→ **Directions for this task**:
Return only the lines below starting at the line containing "Unbranded Solid Burgundy" and ending at the line containing "Imagen 4 de", both included, exactly as they are and with no pictures.

→ **Input for this task**:
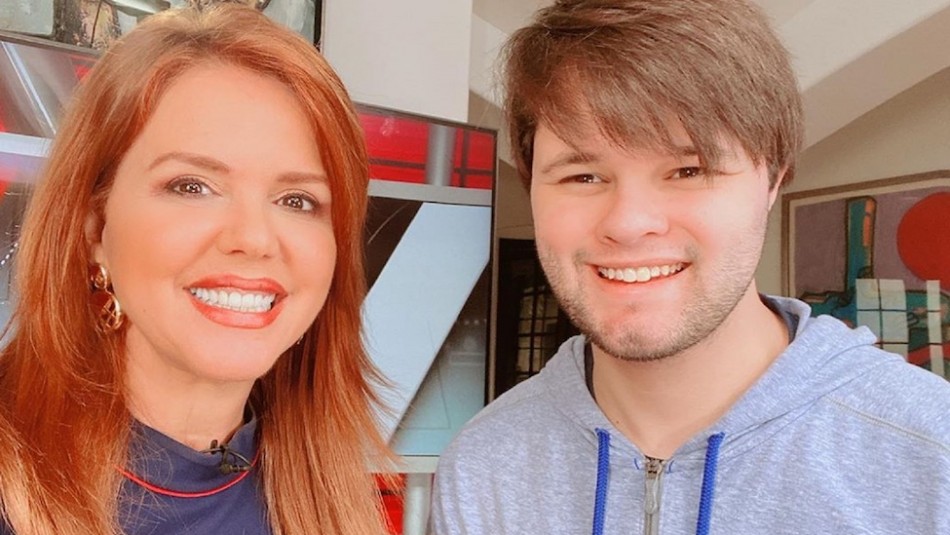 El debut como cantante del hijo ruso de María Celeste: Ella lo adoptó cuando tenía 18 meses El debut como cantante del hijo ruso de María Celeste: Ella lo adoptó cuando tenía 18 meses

---

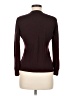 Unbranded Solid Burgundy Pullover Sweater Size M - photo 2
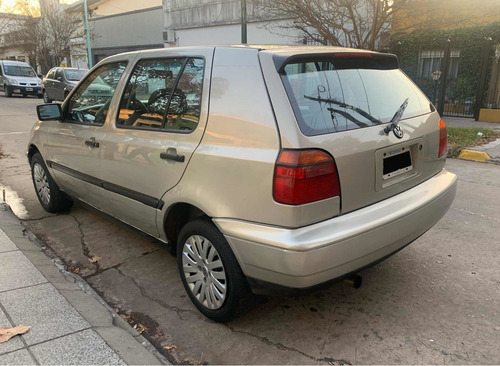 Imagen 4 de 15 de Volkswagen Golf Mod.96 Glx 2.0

==

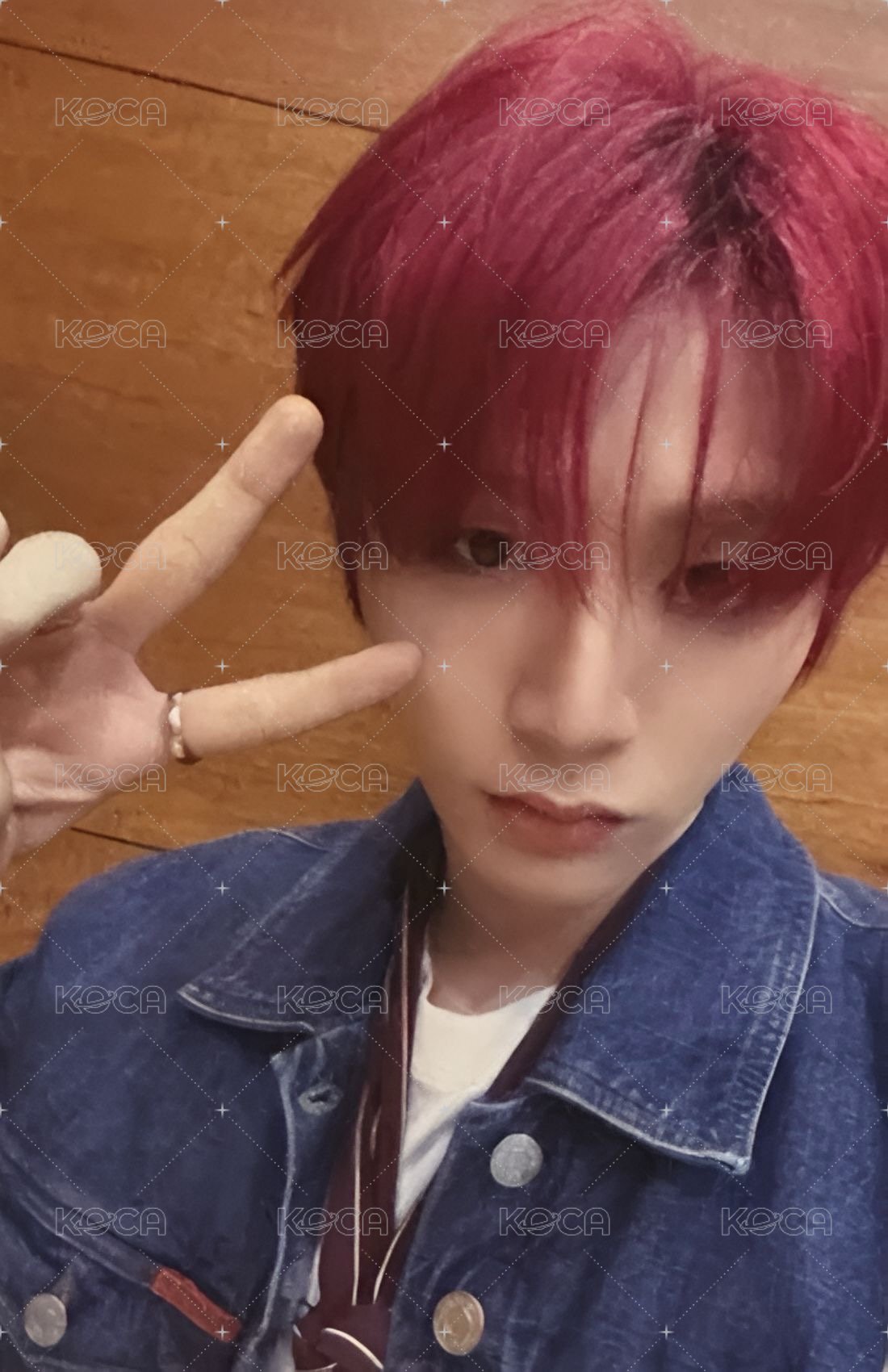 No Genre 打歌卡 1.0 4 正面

→ **Worked solution**:
 Unbranded Solid Burgundy Pullover Sweater Size M - photo 2
 Imagen 4 de 15 de Volkswagen Golf Mod.96 Glx 2.0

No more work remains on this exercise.